State of Operations Research Blogging

It has been almost a year since I had a blog entry here.  Not that I don’t have a lot to say!  I am using twitter more, and I do have ideas for blog entries in cases where 140 characters is not enough.  But there is limited time.

But I think something more fundamental is at work.  What is the state of blogging, and, in particular, the operations research blogging world?  It doesn’t appear all that healthy to me, but perhaps I am not seeing things correctly.

I think the blogging world was badly hurt by the cancellation of Google Reader.  At least for me, Google Reader was a fast a convenient way to follow the blogging world.  And, beyond me, I had creating a public list of OR Blogs, and a public feed of OR blog entries.  It seemed to be well used, but those ended with the end of Reader.
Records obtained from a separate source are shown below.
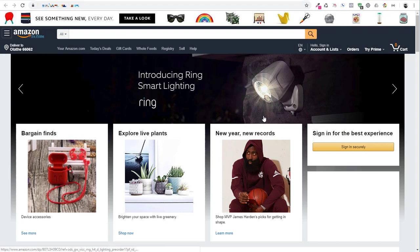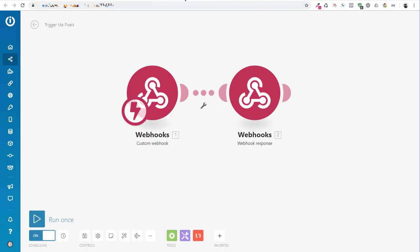So there you go, guys. That is how you trigger pixels in and out of your MiniChat bot. The file is below. The scenario is below. And hopefully, you will be able to trigger many, many, many pixels and create lots of custom audiences. All right. Enjoy. Have a good day.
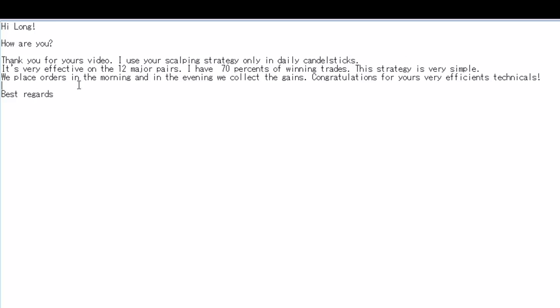We place orders in the morning and in the evening. We collect the gains. Congratulations for your very efficient technicals. Best regards.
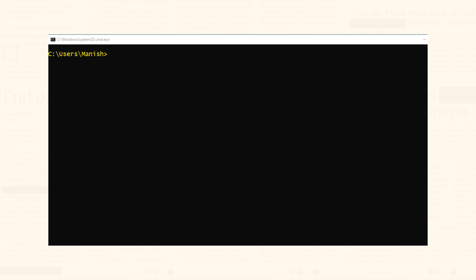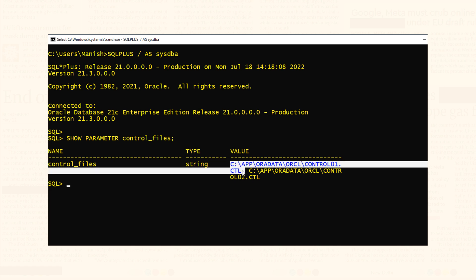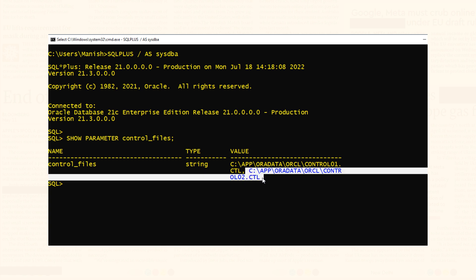Now let's come to our main question: what is the location of the Oracle control file? We can find out the name and location of the control file using the control_files initialization parameter like this. Step one: log on to your database. I am connected with my database using sys user. Next, simply write: show parameter control_files; On execution, this statement will show you the name of the control file along with the location. As you can see, here is the name and location of my first control file, and right after that is the name and location of my second control file. That's one way of finding the location of the Oracle control file.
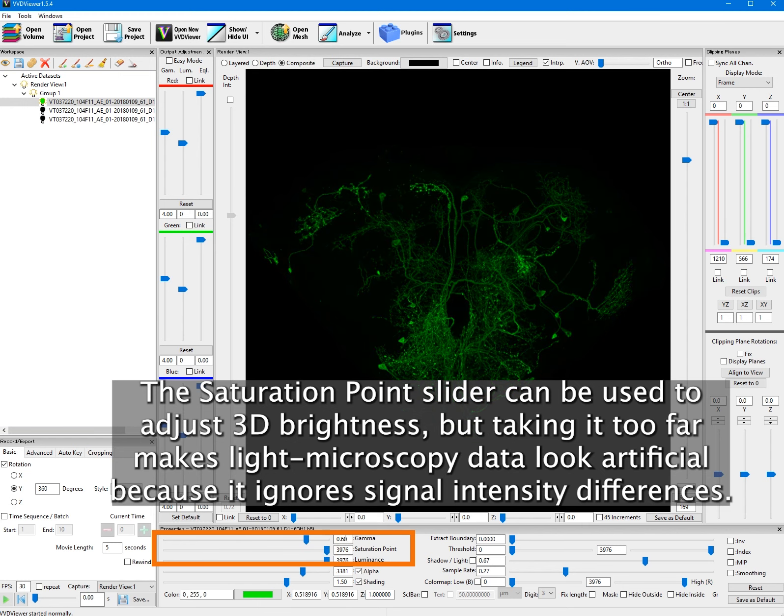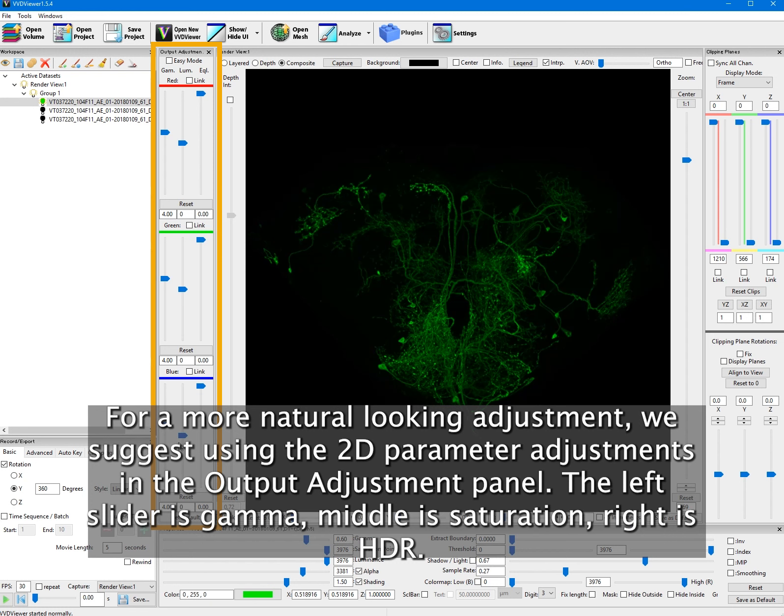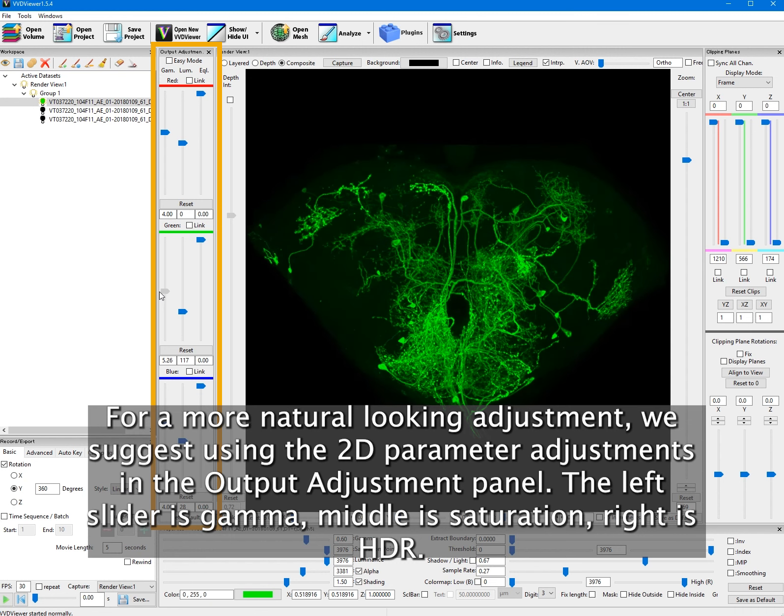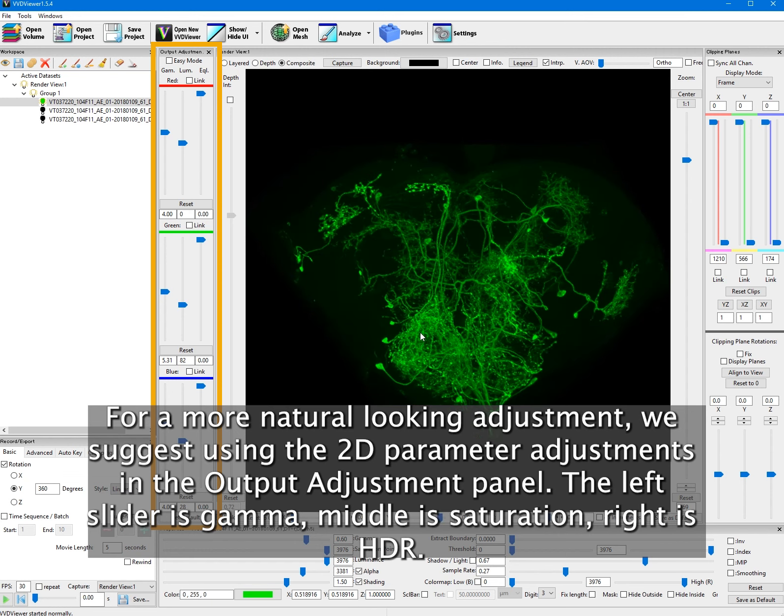For a more natural-looking adjustment, we suggest using the 2D parameter adjustments in the output adjustment panel. The left slider is gamma, middle is saturation, right is HDR.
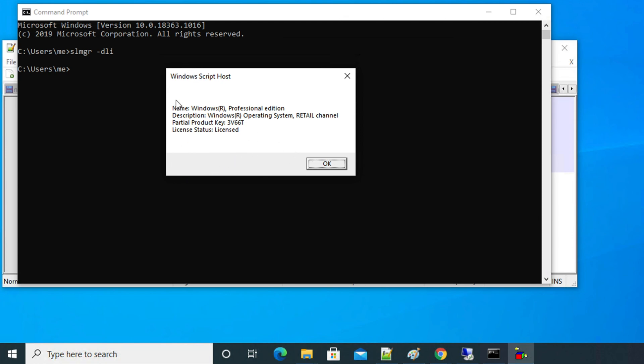Here you will see a couple of lines and there is an OK button. If you read carefully these four lines, you will see name, description, partial product key, and license status. Under the description you will see Windows operating system, and then there is a word retail channel. That means this Windows version is a retail channel.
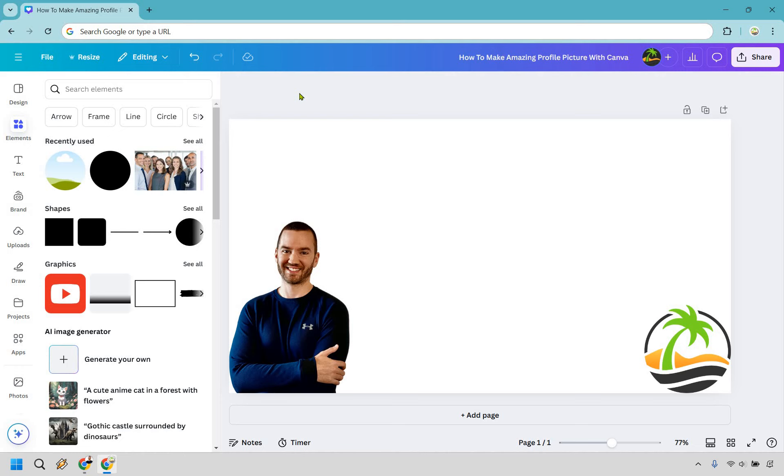Here is how to make an amazing profile picture with Canva. You can click the link in the description to try Canva for free or simply use it for easier login access.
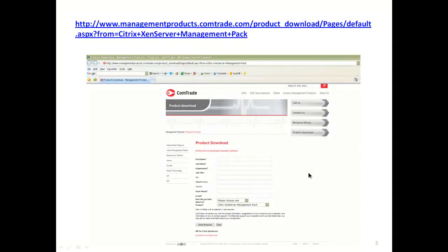The list of Comtrade's Citrix XenServer management pack useful features does not end here. Check how Citrix XenServer management pack can help you. Download the evaluation version from managementproducts.comtrade.com and check all these features by yourself.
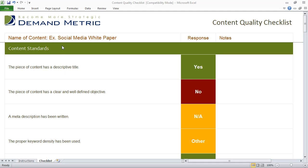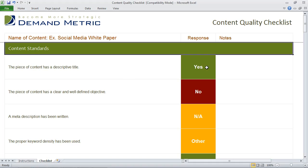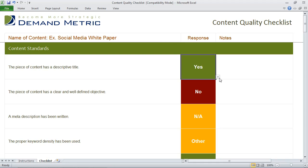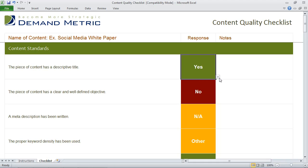The example provided here is for a social media white paper, and the idea is simple. You just go through each of the different standards and outline a response — has the standard been met or not? If it's not applicable, or there's another situation, you'll want to add some notes.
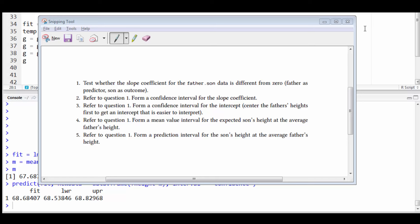This is question 5 of the Inference Chapter for the Regression Models book. It says refer to question 1, form a prediction interval for the son's height at the average father's height.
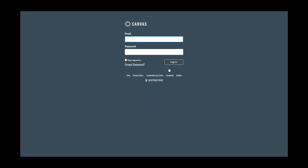If you do not remember your password, click on the Forgot Password link to reset it. Only you are able to reset the password for your account. All you will need to do is check your email for instructions to reset your password. Please be sure to check your spam folder just in case.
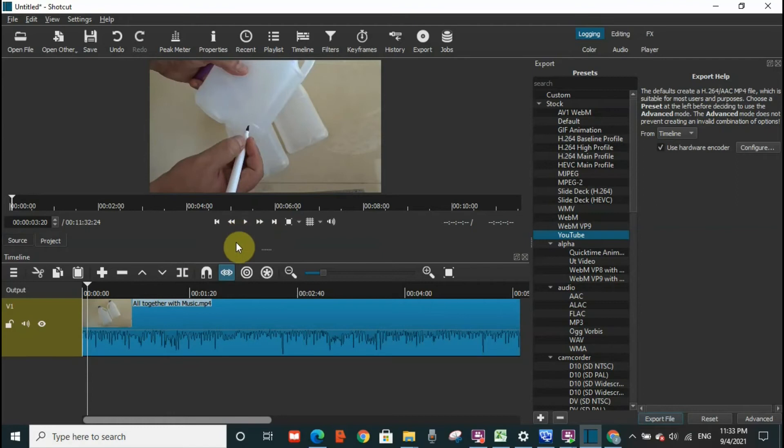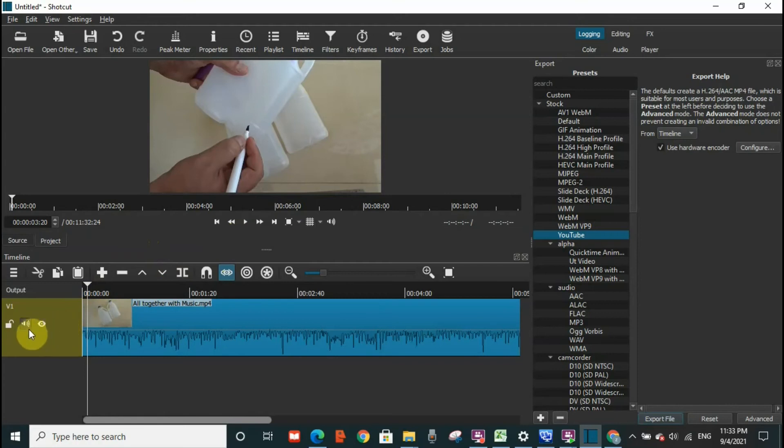Okay, now I will show you how to mute the audio. It's a very simple step. You have to go to the left-hand side and here you can see the audio. You just need to press mute.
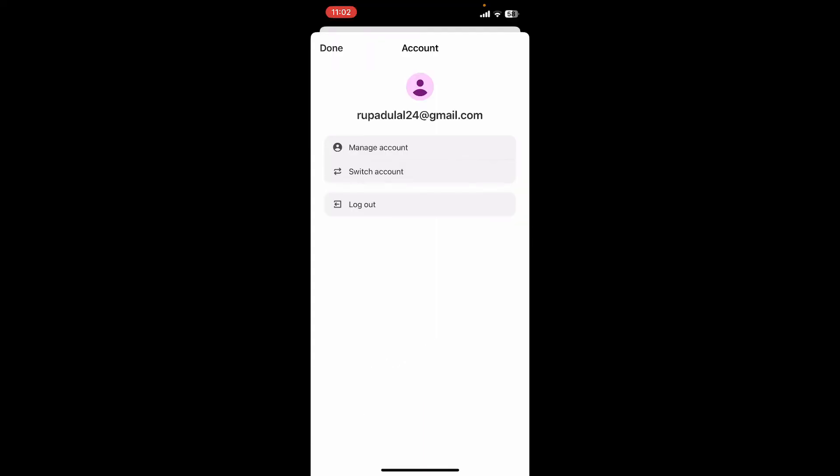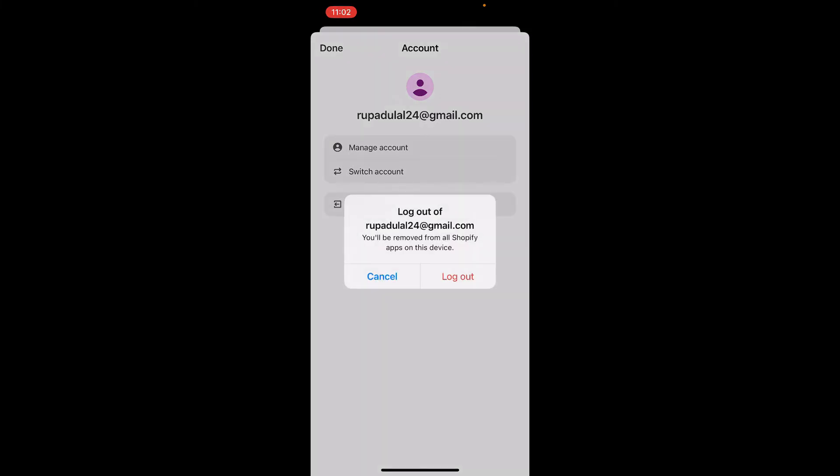You'll then see the log out button popping up. Tap on it and make sure that you remember all of your credentials that are needed for logging into your Shopify account. Once you have it, tap on log out.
It is harder to get word out about OR blogging.

I have tried to continue aspects of these listings on this page with a feed of OR blogs (also in sidebar) but it is much less convenient.

I also think the relentless onslaught of comment spam discouraged (and perhaps still discourages) people from trying out blogging.

Today I went through my list of OR blogs to see who has posted in the past year, and was distressed to see how few have done so.  Even with a pretty broad view of what an OR Blog is, it came to only about 40 people, with many of those (including myself!) barely meeting the “posted in the last year” requirement.

Those that remain are a fantastic source of information.  I think particularly of Laura McLay’s Punk Rock Operations Research and Anna Nagurney’s RENeW as must-read entries.  But there now seem to be few active bloggers.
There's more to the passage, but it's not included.